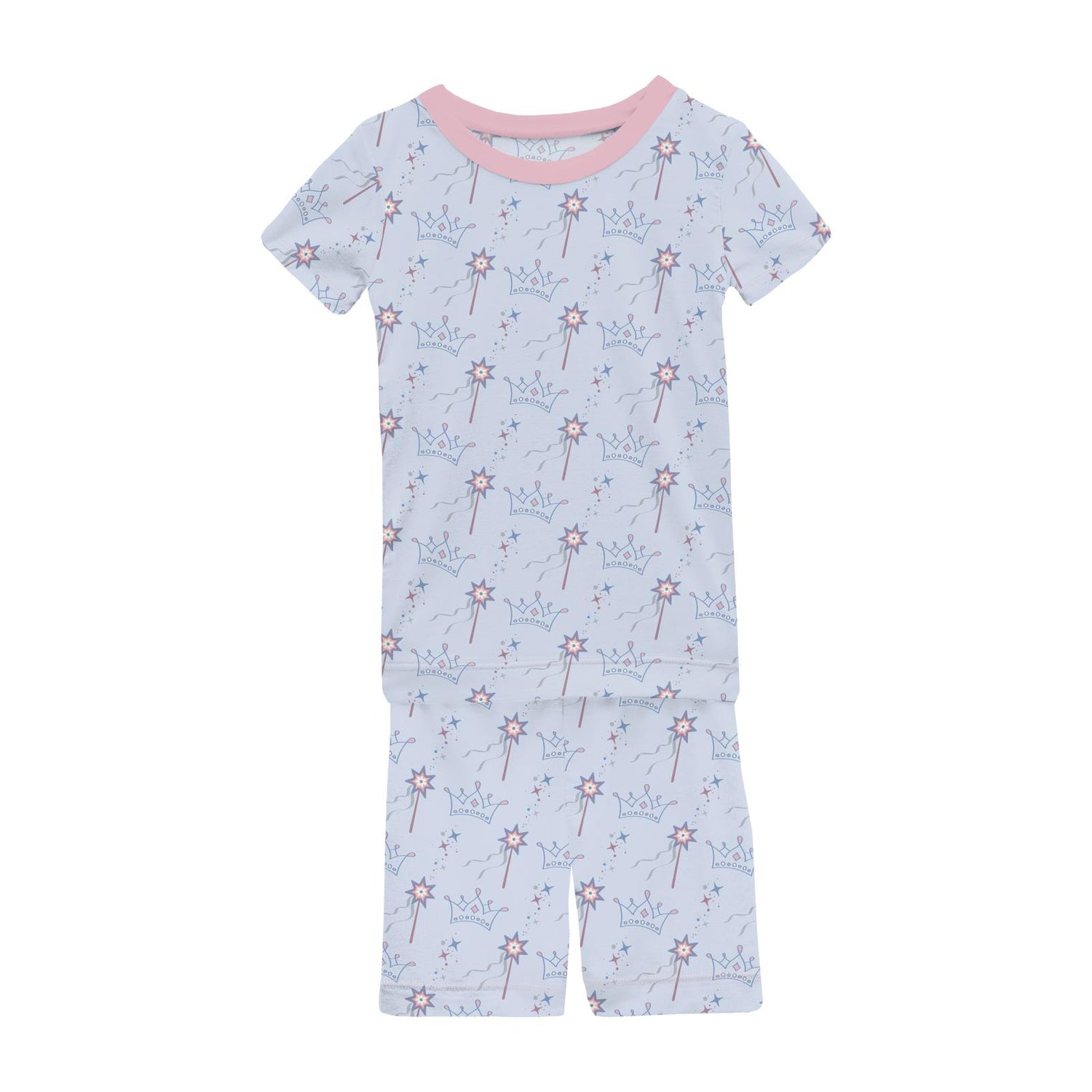 Print Short Sleeve Pajama Set with Shorts in Dew Magical Princess (357725)
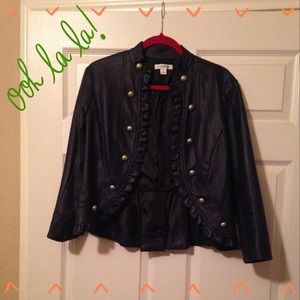 Dark Purple Faux Leather Blazer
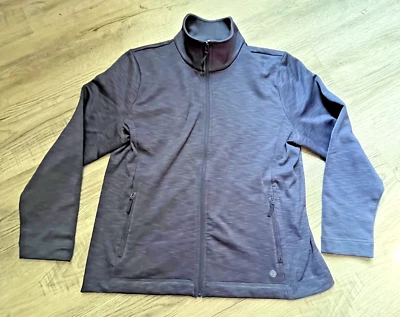 T by Talbots Women's Active Top Full Zip Jacket gray Blue heather Large - Image 1 of 4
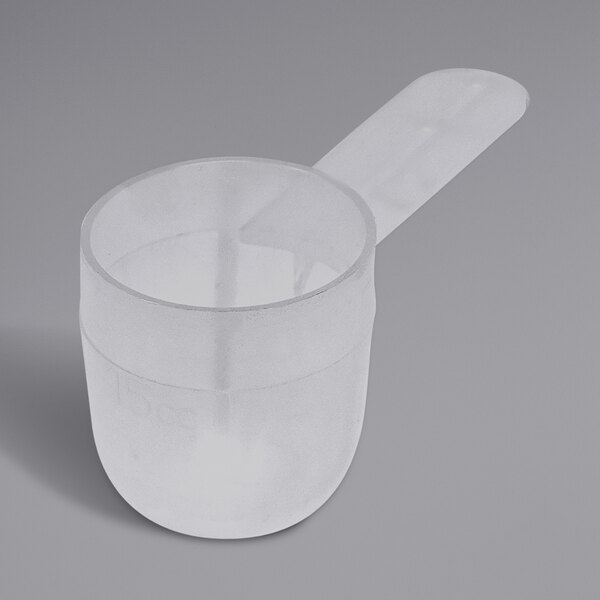 a plastic measuring cup with a handle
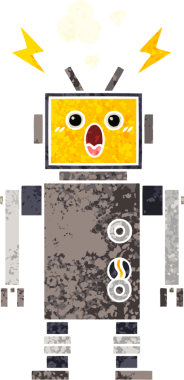 Bir insan tarafından çizilmiş arızalı bir robotun retro çizim tarzı karikatürü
------------------------------
> [INSTRUCTIONS FOR THE TASK]
Without the images, write out all of the records exactly.

> [SOLVED EXERCISE]
 Print Short Sleeve Pajama Set with Shorts in Dew Magical Princess (357725)
 Dark Purple Faux Leather Blazer
 T by Talbots Women's Active Top Full Zip Jacket gray Blue heather Large - Image 1 of 4
 a plastic measuring cup with a handle
 Bir insan tarafından çizilmiş arızalı bir robotun retro çizim tarzı karikatürü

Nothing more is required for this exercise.